Die "Totenfrau" in Innsbruck: Im Schiffsrumpf beginnen sich die Leichen zu stapeln, für psychologische Tiefe ist da kein Platz.


Foto: Rupert Larl

Dabei hat der Autor sonst den Dreh heraus: Mit seiner psychologisch hanebüchenen Totenbestatterin-Story landete Bernhard Aichner einen Bestseller, eine US-Verfilmung ist anberaumt, Braunschlag-Macher David Schalko scharrt angeblich in den Startlöchern für eine landeseigene TV-Produktion. All das verdankt sich zum einen der zwiespältigen Hauptfigur: einer wilden Brünhilde, die ihre biederen Eltern ums Eck bringt, ihren von ebenso biederen Großkopferten ums Eck gebrachten Gatten rächt und ihren Kindern eine gute Mutter ist: Blum, so lautet ihr paradox floraler Nachname. Zum anderen reizt Aichner mit hechelnder Satz- und Montage-Technik den Thrill des Genres aus: Psychologie bleibt ausgespart, aber der Erzählsog zieht in den Bann.

Wenig von dem ist in der Bühnenfassung zu spüren.

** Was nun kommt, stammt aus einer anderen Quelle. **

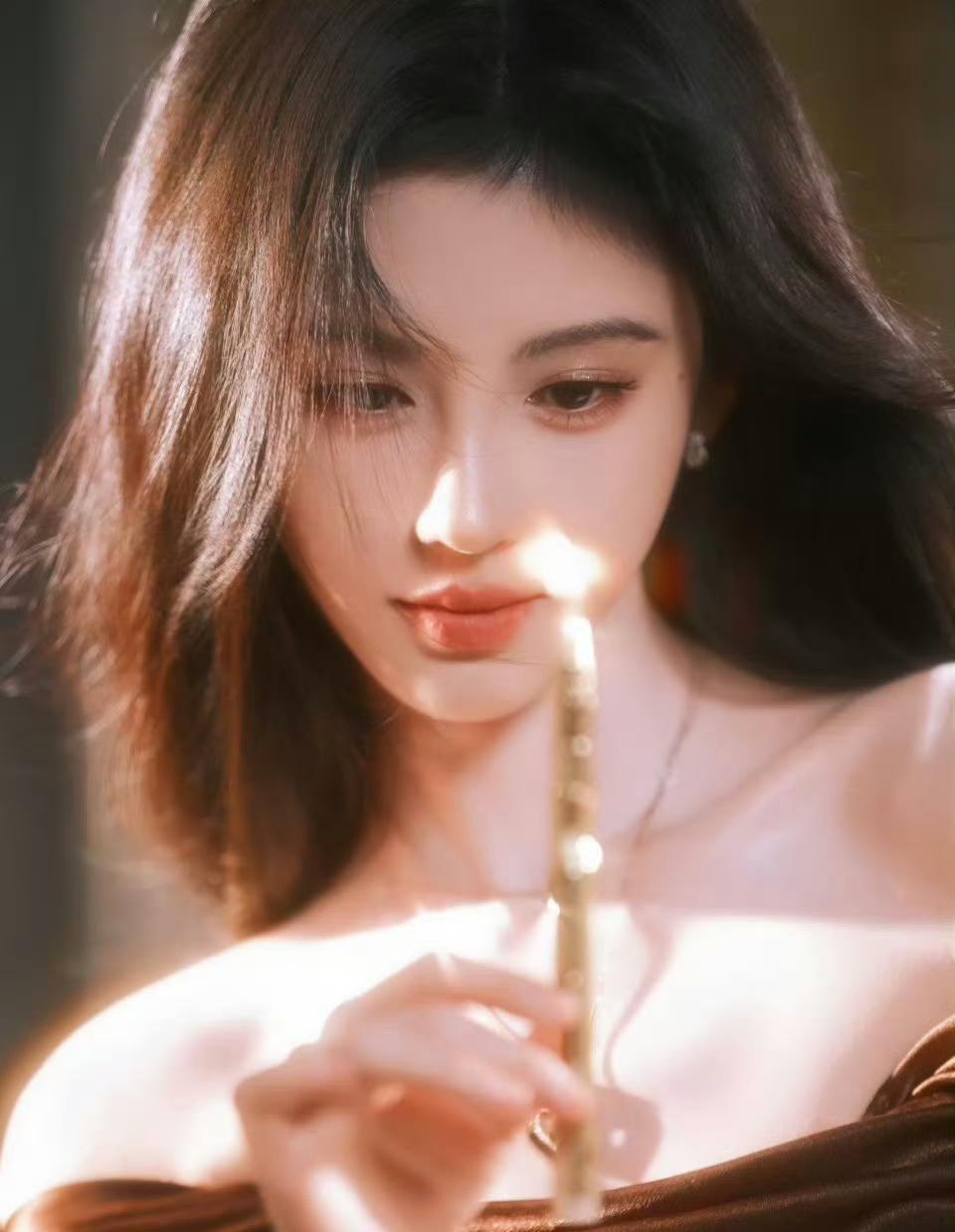 鞠婧祎身穿深棕色缎面一字肩长裙，裸肩剪裁凸显肩颈线条，垂坠感面料勾勒窈窕身型，鎏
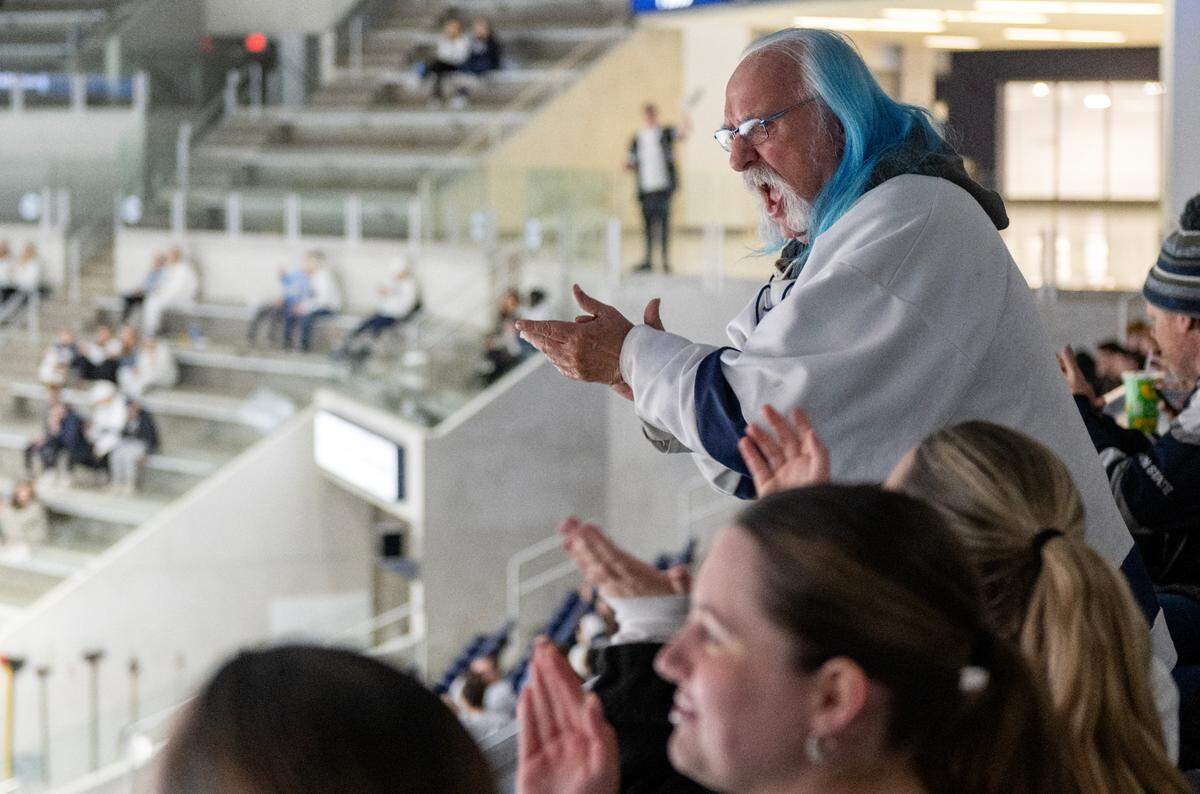 Rich Seifert leads a “We Are” chant during the NCAA Frozen Four watch party at Pegual Ice Arena on Thursday, April 10, 2025.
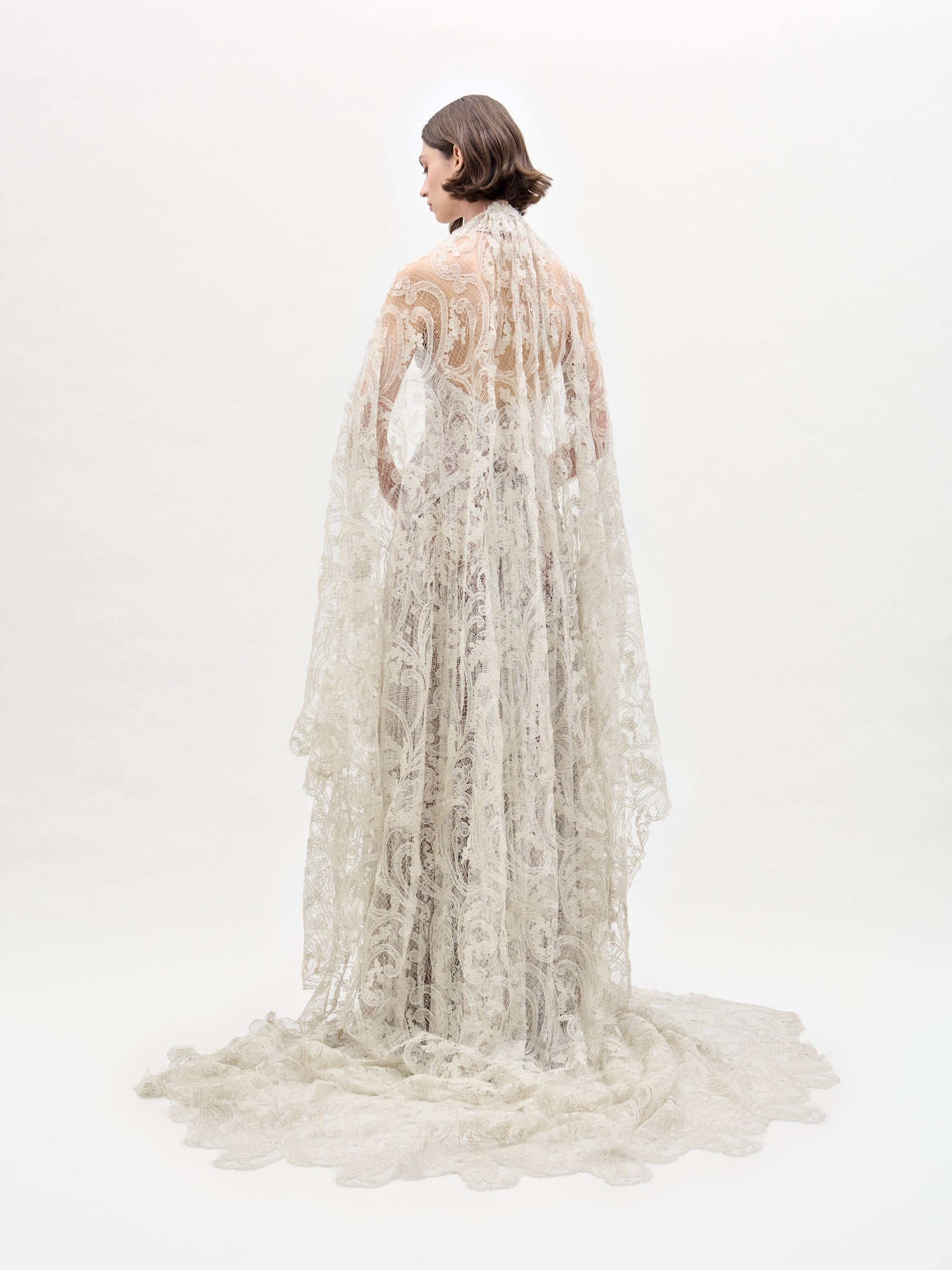 El vestido Ilana luce un intrincado diseño de encaje hasta el suelo, con una larga cola y elaborados patrones. Una persona aparece de espaldas a él sobre un fondo blanco liso; su cabello corto y oscuro completa el elegante look.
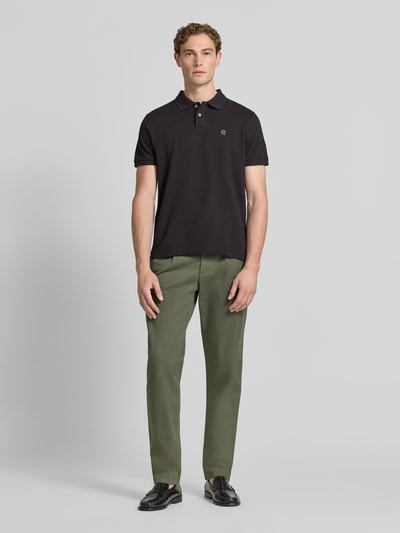 Mężczyznamodel nosi Regular Fit Poloshirt mit Label-Stitching von MCNEAL z bawełny, krój regular fit, listwa guzikowa, długość tyłu 70 cm w rozmiarze M, całopostaciowy widok z przodu
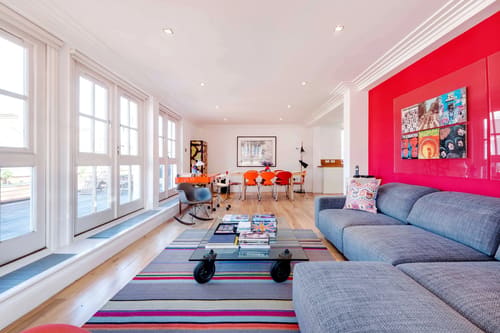 Covent Garden 3 bedroom, Covent Garden: Living room with red wall, grey sofa and striped rug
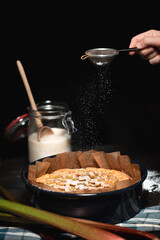 Hand sprinkles powdered sugar over a baked rhubarb cake in its tin, surrounded by rustic kitchen props in a dark moody setting.
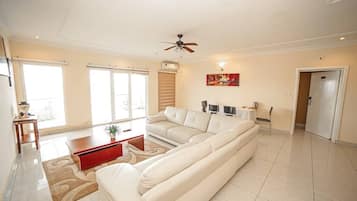 Executive Suite, 2 Bedrooms | Living area | 32-inch flat-screen TV with satellite channels, TV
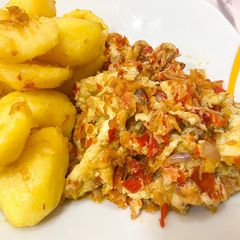 A picture of Pan fry Irish potato with Scrambled egg sauce.
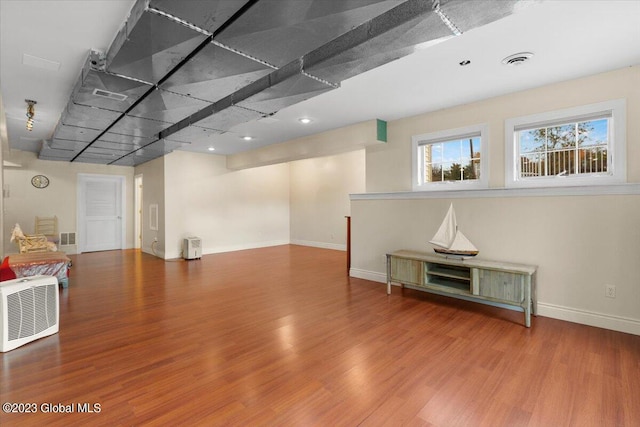 unfurnished room featuring hardwood / wood-style floors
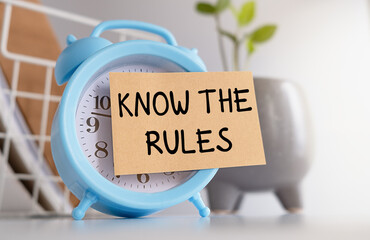 Know the rules text on a white business card, business process regulation concept.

Auf der weiß gekachelten Bühne – Blum hat das Bestattungsunternehmen ihrer Eltern übernommen – dreht sich alles um den goldenen Bootsrumpf, in dessen rettendes Innere die ahnungslos schwimmenden Eltern aufgrund der von Brünhilde eingezogenen Badeleiter einst nicht mehr gelangten (Bühne: Thomas Krauß, Katharina Ganner). Stattdessen findet hier Dunja kurzfristig Unterschlupf, die gemeinsam mit zwei anderen das Opfer besagter pervertierter Biedermänner wurde: Folter, Vergewaltigung, Mord. Ihrem Martyrium, das an Perversion kaum Wünsche offenlässt, war Blums Mann als Polizeibeamter hartnäckig auf der Spur. Deshalb musste er sterben. Und weil er sterben musste, müssen sie sterben. Soweit der durchaus nachvollziehbare Zyklus.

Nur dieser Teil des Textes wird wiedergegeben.